The PIN (or biometric) is not used to replace your Google account password. The PIN (or biometric) is used to authenticate to your device that holds your Passkeys, which in turn will authenticate you to your Google account (or any account that supports Passkey-based sign-in).
The PIN is checked by the local device. It never goes over the network, and the device can limit the number of PIN attempts to a very small number, because the only way to try PINs is to have access to the device.
It isn't, and this isn't authentication with a pin.

Passkeys also requires the device. Using a pin with this is 2-factor. Pin + hardware token.

So why not just have a password that then unlocks the passkey? I already have a password manager.
The standards group that was behind Fido/U2F has been taken over by people who want to push a new product. That new product is "Log in with your phone" and phone lock screens allow biometrics and pins.

Password managers are not relevant, as you don't use a password manager to unlock your phone.

The people behind the takeover don't really give a shit about Yubikey-style tokens (which haven't achieved much market penetration anyway) but they've left them in to make the takeover less blatent.

More like the other way around -- the existing FIDO/U2F crowd was a bunch of businesses that made money selling keys. And that's why adoption was a rounding error, it was infinitely more expensive than a free password, so few implemented it.

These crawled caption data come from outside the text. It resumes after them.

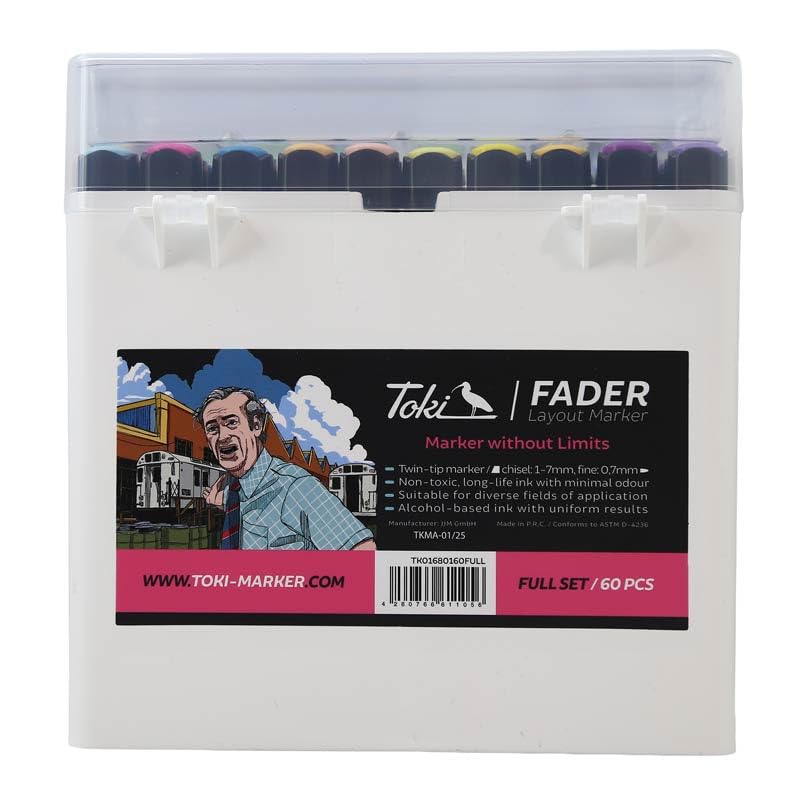 Toki Marker Fader 60er Set - Full - Twin Tip Alkoholbasierte Marker mit Rundspitze und Keilspitze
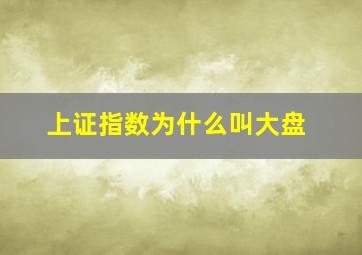 上证指数为什么叫大盘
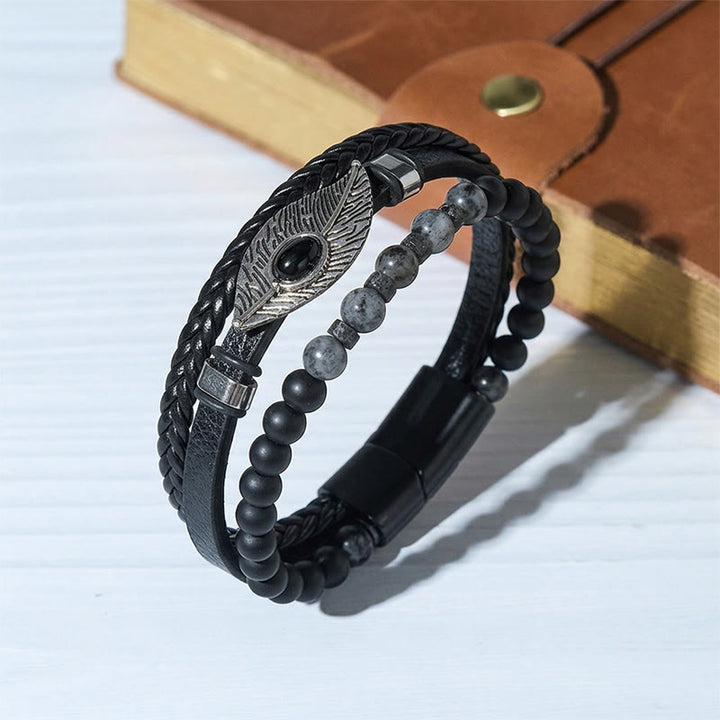 Men's Boho Western Leather Feather Gemstone Magnetic Bracelet - Style#3 - 23cm - image 3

This is the obvious solution -- we're already carrying devices with a secure enclave, just use that, it's free.
You can have that by storing passkeys in your password manager, if it has support for that. Currently 1Password does, and BitWarden either does or is suppose to soon. I haven't looked at any others.
Sure, PINs can be long and alphanumeric on most phones these days.
How is that different from a password? PIN stands for Personal Identification Number. Words change meaning all the time, of course, but in this case there’s no reason to call it a PIN when there’s already another word for it.
The important difference is that it is stored on the local device, not the remote server.

Since the things stored on the remote server have been called “passwords” for decades, it seems helpful to call the local thing a “PIN” to help more easily distinguish it.

IMO it’s not more silly than calling a hand-held computer a “phone.”

If you already have a password manager it might already or might soon natively support passkeys as well (1Password already does as an example)
You should be able to use your password manager to handle passkeys. Enter your master password in 1Password, use passkey. And Bitwarden support is coming.